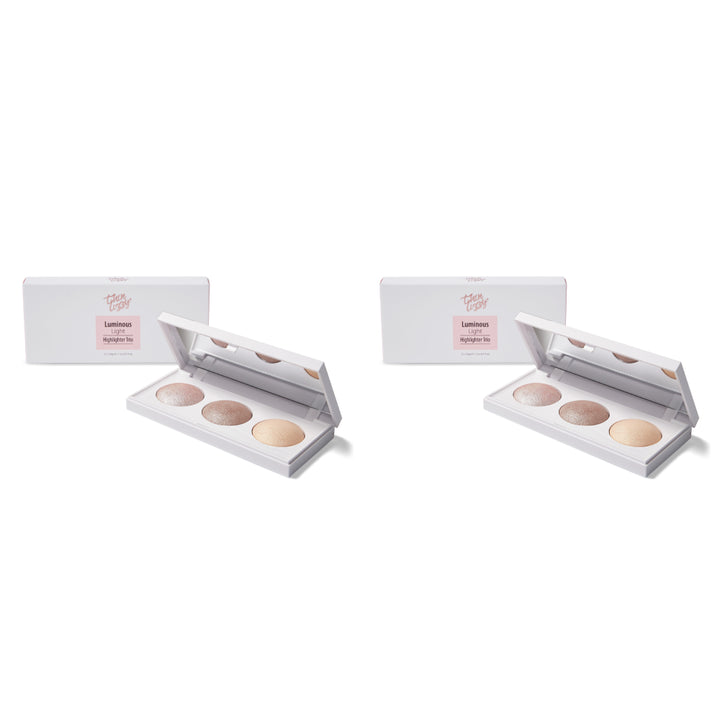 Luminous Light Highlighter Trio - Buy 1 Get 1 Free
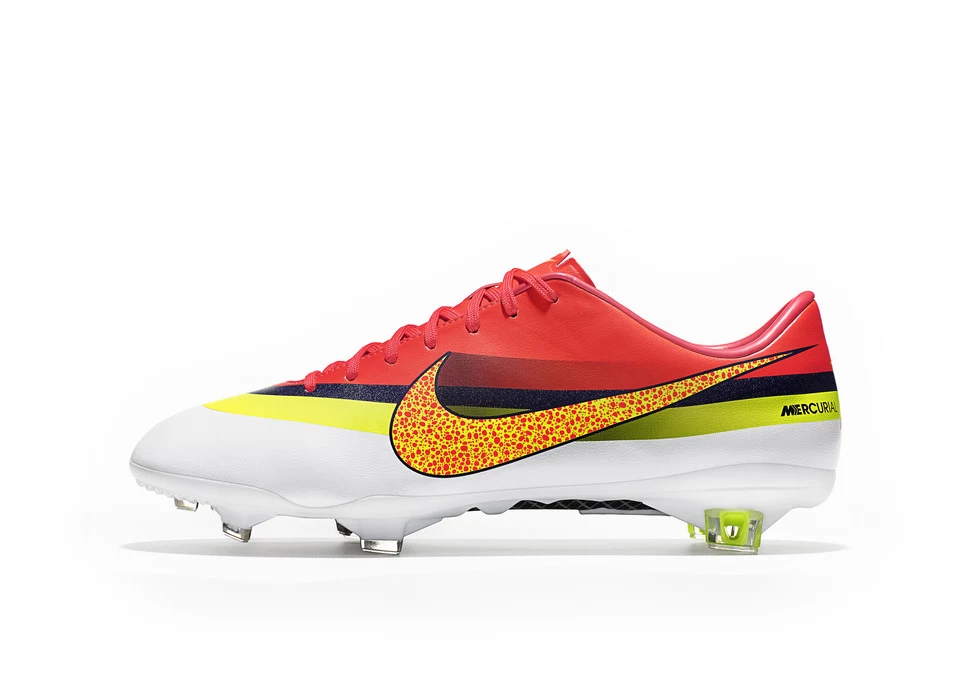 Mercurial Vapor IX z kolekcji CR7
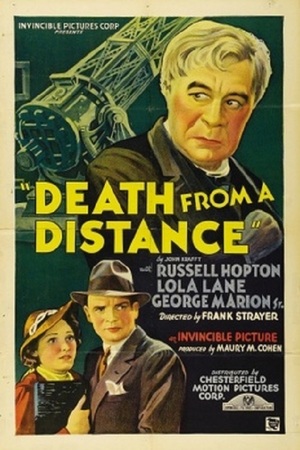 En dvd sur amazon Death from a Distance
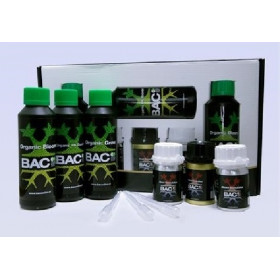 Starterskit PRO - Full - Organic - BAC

************

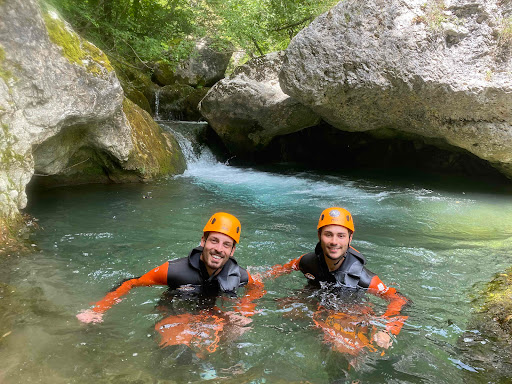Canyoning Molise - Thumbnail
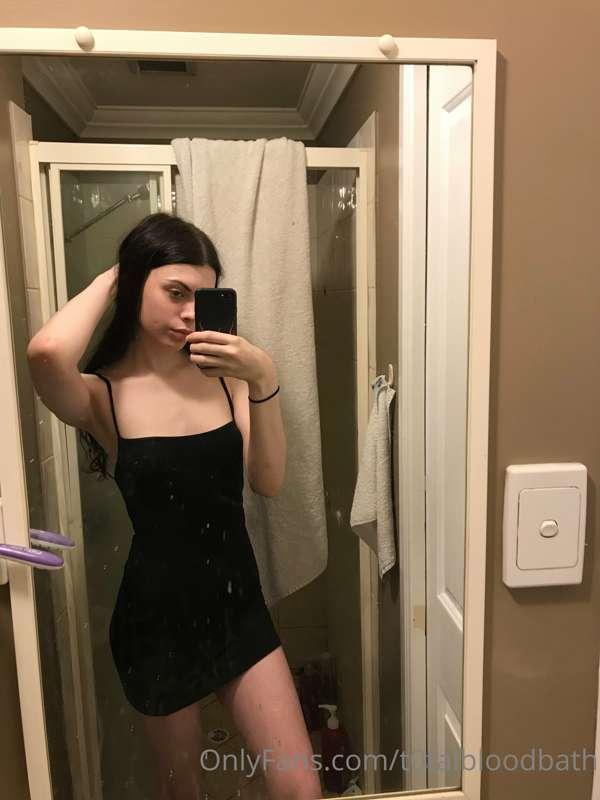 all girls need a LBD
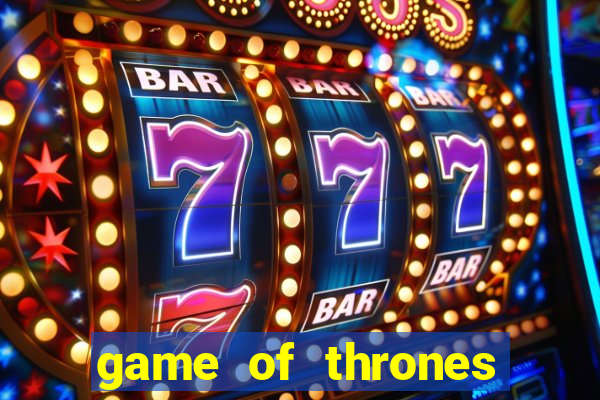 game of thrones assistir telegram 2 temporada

************

* **Exercise**
Reproduce exactly the lines of the data above that run from the line with "Luminous Light Highlighter" down to the line with "Starterskit PRO - Full - Organic - BAC", both ends included. Pictures do not belong in the copy.

* **Result of the task**
 Luminous Light Highlighter Trio - Buy 1 Get 1 Free
 Mercurial Vapor IX z kolekcji CR7
 En dvd sur amazon Death from a Distance
 Starterskit PRO - Full - Organic - BAC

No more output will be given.